***** Dataset content *****

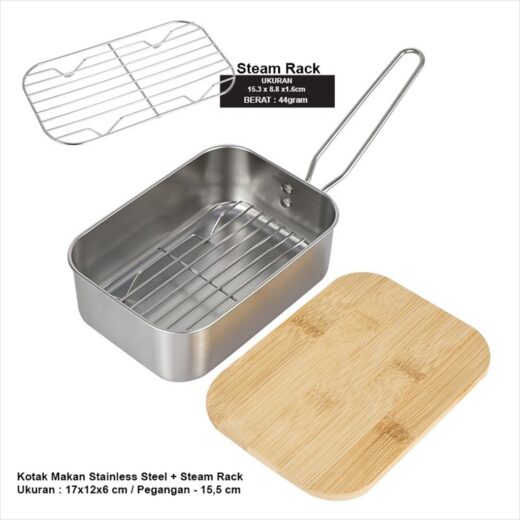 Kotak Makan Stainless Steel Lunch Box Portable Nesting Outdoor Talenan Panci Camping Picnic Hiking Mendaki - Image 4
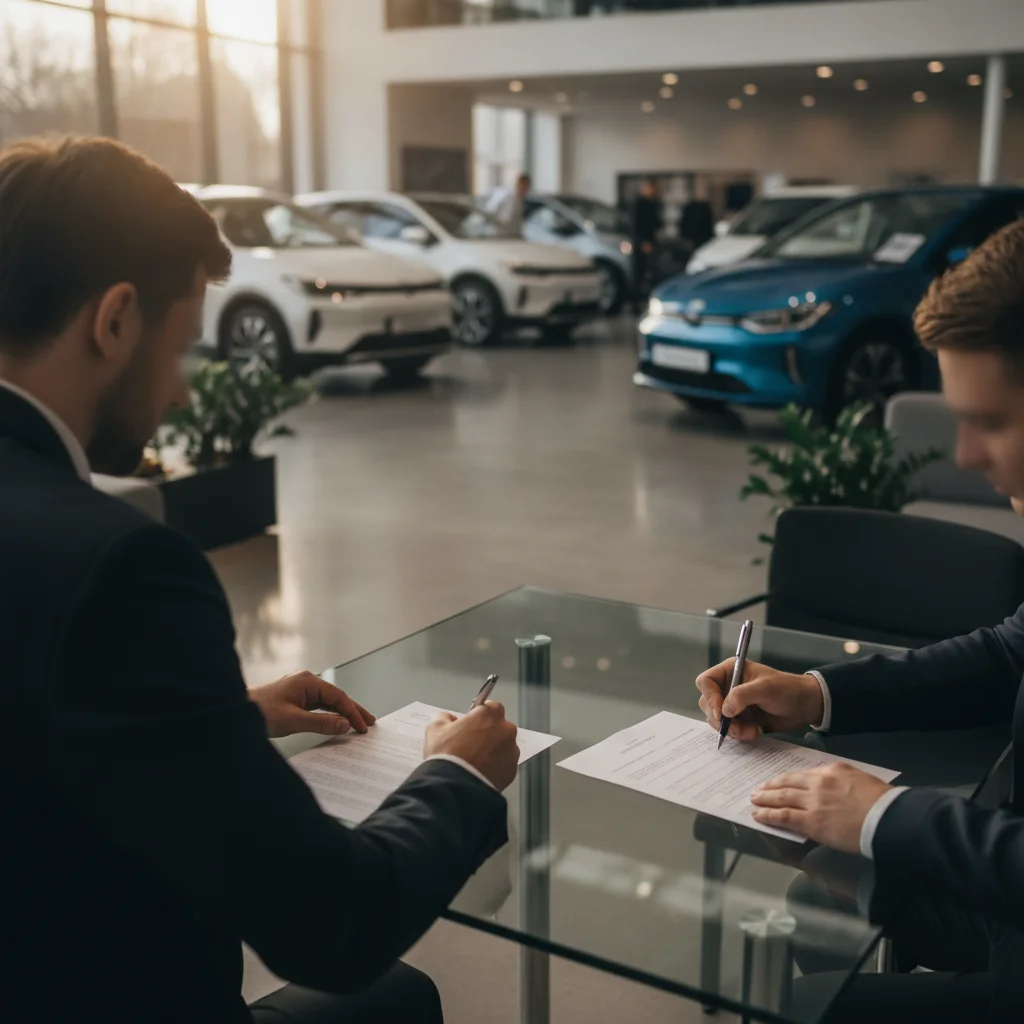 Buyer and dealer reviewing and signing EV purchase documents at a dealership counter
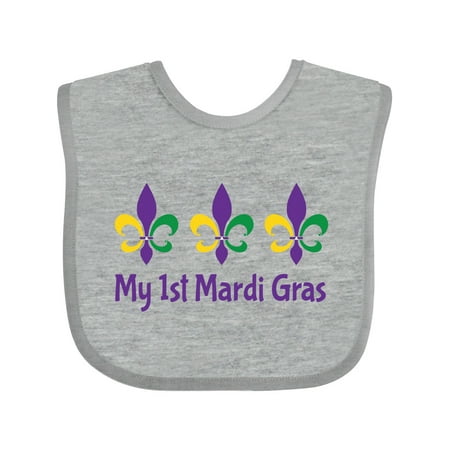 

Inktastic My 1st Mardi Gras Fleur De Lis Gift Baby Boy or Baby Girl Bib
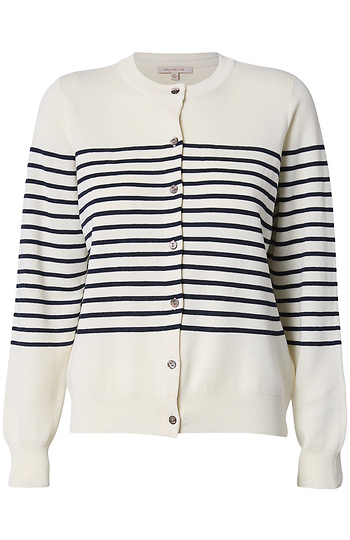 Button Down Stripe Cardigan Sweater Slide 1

*****

Problem to work on: Output only these lines, word for word: the line containing "Buyer and dealer" and every line after it through the last line of the data. Omit the pictures.

Answer for this exercise:
 Buyer and dealer reviewing and signing EV purchase documents at a dealership counter

Inktastic My 1st Mardi Gras Fleur De Lis Gift Baby Boy or Baby Girl Bib
 Button Down Stripe Cardigan Sweater Slide 1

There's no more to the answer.